Authorities caution that the frothy market may slide after its vertiginous rise. "I'm worried about inexperienced investors who've never faced a situation where the market goes down," says Le Nhi Nang, deputy director of the Securities Trading Center.
Virtually all the stocks are in state-owned enterprises that have been partly privatized – or "equitized," as Vietnam calls it. Allocations of shares are typically distributed at a discount to company bosses and workers, then auctioned to an eager public and listed on the exchange.
Vietnam has said that it will maintain state dominance in strategic sectors such as oil, shipping, and telecommunications, a policy that, economists warn, could be a brake on future growth. Over the past decade, the share of national output of state-owned enterprises has fallen to 35 percent from 45 percent as the dynamic private sector expands, according to Tran Du Lich, president of the Institute for Economic Research, a city government think tank.
Observers say this trend may be irreversible, despite the rhetoric from Hanoi on controlling the "commanding heights" of its "socialist-oriented market economy." As in China, Vietnam's Communist neighbor, rising affluence has created its own momentum, and any clumsy intervention that damages the economy could backfire.
"The train has left the station. This leadership has committed to reform, and it's joined the WTO," says Intel's Mr. Phuc.
For all the buzz of stock millionaires and real-estate booms, Vietnam remains among the poorest countries in Asia, with per capita GDP of only $720. About three-quarters of the population lives in rural areas, and the United Nations estimates that one-third of children ages 1 to 5 are underweight.
Incomes in Ho Chi Minh City are about three times higher than the national average. The city's sizzling export-led economy daily absorbs an estimated 500 migrants, who arrive in search of work, usually in the informal sector.

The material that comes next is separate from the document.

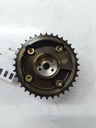 MTD-534908-2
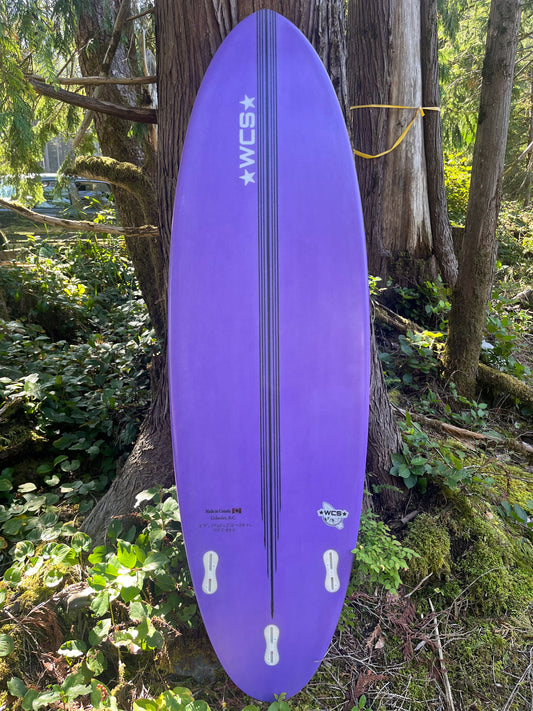 Custom 5'9 (EPS)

Poverty may lie cheek-by-jowl with wealth, but the sense of optimism and can-do dynamism is overwhelming.
"If you look forward at the next three to five years, it's a rosy picture," says Marijn van Tiggelen, chairman of Unilever Vietnam, a unit of the Anglo-Dutch consumer-goods giant. "I see stability in the economy and governance ... People are able to buy things they could never afford before."